1934 and the Glen County

1934 and the Glen County



The year 1934 was a very important year for the Gaelic Athletic Association. It was the golden jubilee of the founding of the association on November 1st 1884. The fortunes of the GAA had ebbed and flowed throughout the first 40 years of its existence. Many of the problems which the association had encountered during that period were of outside influence such as economic difficulties, the First World War, the War of Independence and the Civil War. All these difficulties were surmounted by the mid 1920s and from then until the jubilee year, steady progress was made. It was during that time that the GAA as we know it today took shape.


The jubilee year was progressing well for the GAA. Limerick defeated Dublin in a replay to win the All-Ireland hurling championship. The combined attendance at the two finals was just over 65,000. Galway took the football title when they also defeated Dublin before an attendance 36,143. 


The Cork inter-county teams did not have a great year but there was a very lively club scene and huge public interest in all the GAA competitions. The County Senior Hurling final was played on this day 75 years ago, 7th October 1934. Cork's hurling public were eagerly looking forward to a clash which pitted one of the oldest clubs in the country against a new vibrant club which was only playing for 19 seasons.


It was the first ever clash of St Finbarrs and Glen Rovers in a senior county hurling final. Afterwards, Glen against the Barrs would go on to become one of the great club rivalries of the GAA. Glen Rovers won their first senior county hurling title that day. Obviously it was a momentous occasion for the Glen and the people of Blackpool. It was also a significant occasion for the Cork County Board and, as the subsequent years have shown, for the entire GAA.


Although it was the Glen's first title it was not entirely unexpected. In the first chapter of the 1973 book "The Spirit of the Glen" Paddy Deasy outlined the early years of the club. The club won the minor county championship (minor was open to all ages back then) in 1922 and again in 1923. They won the junior county championship in 1924, the intermediate title in 1925 before making their senior debut against Blackrock in 1926.


The Glen were well beaten by Blackrock in their first shot at the senior title in 1927. That was not surprising as Blackrock and St Finbarrs dominated Cork hurling during the 1920s. In that decade the two clubs met in four finals (winning two each) and St Finbarrs received a walkover from Blackrock in a fifth (1922).

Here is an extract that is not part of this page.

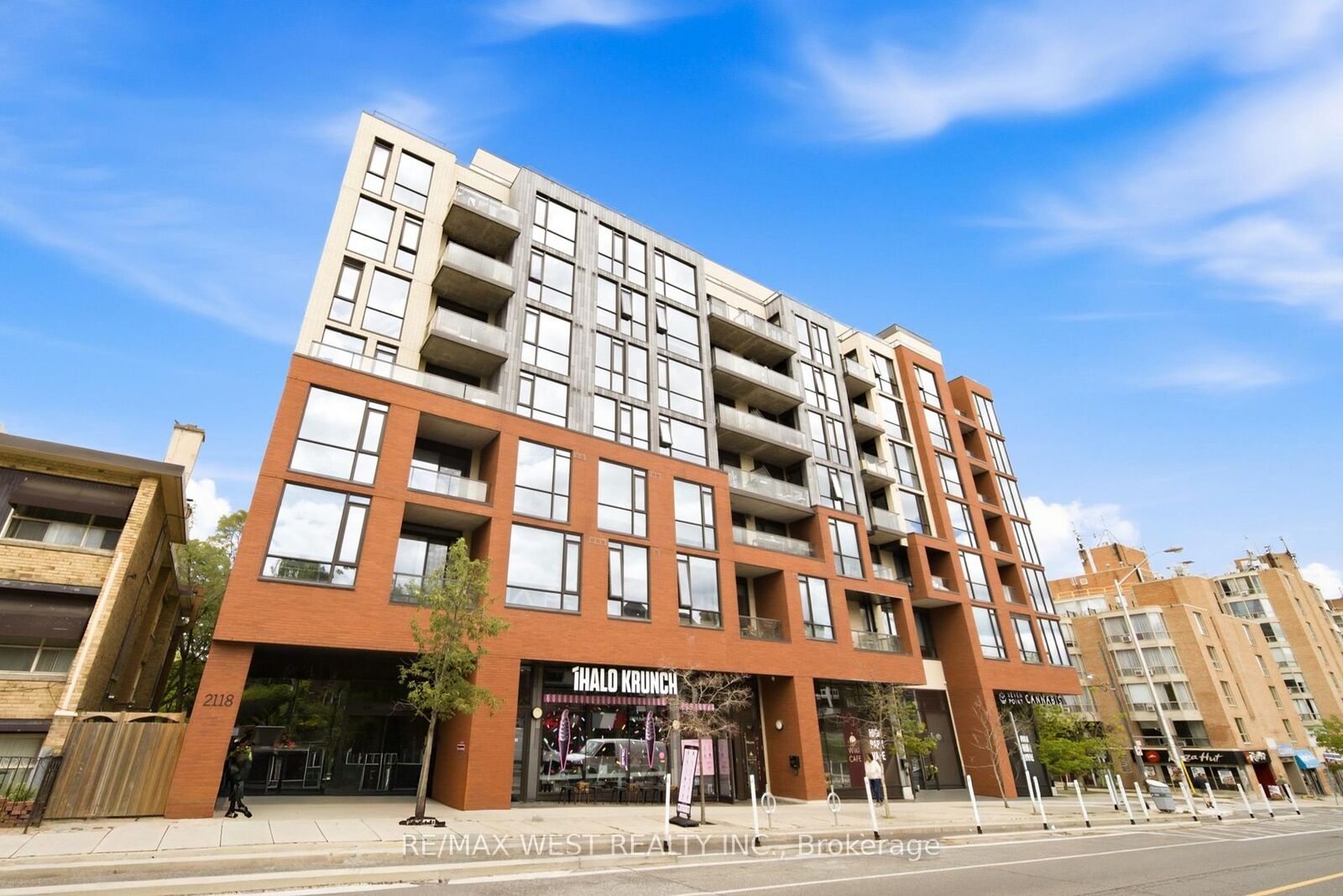 Property Photo:  2118 Bloor Street W 709  ON M6S 0A6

The Glen made slow but steady progress after 1927. They had their first win in senior championship against Kinsale in the first round if the 1928 championship and reached their first county final in 1930 which they lost to Blackrock by 3-8 to 1-3. After that defeat their rating improved and they were considered serious contenders for the title at the beginning of each season. When they lost to Muskerry in the 1933 championship it was considered to be the shock of the decade. Later that year St Finbarrs defeated Carrigtwohill at the second attempt in the county final.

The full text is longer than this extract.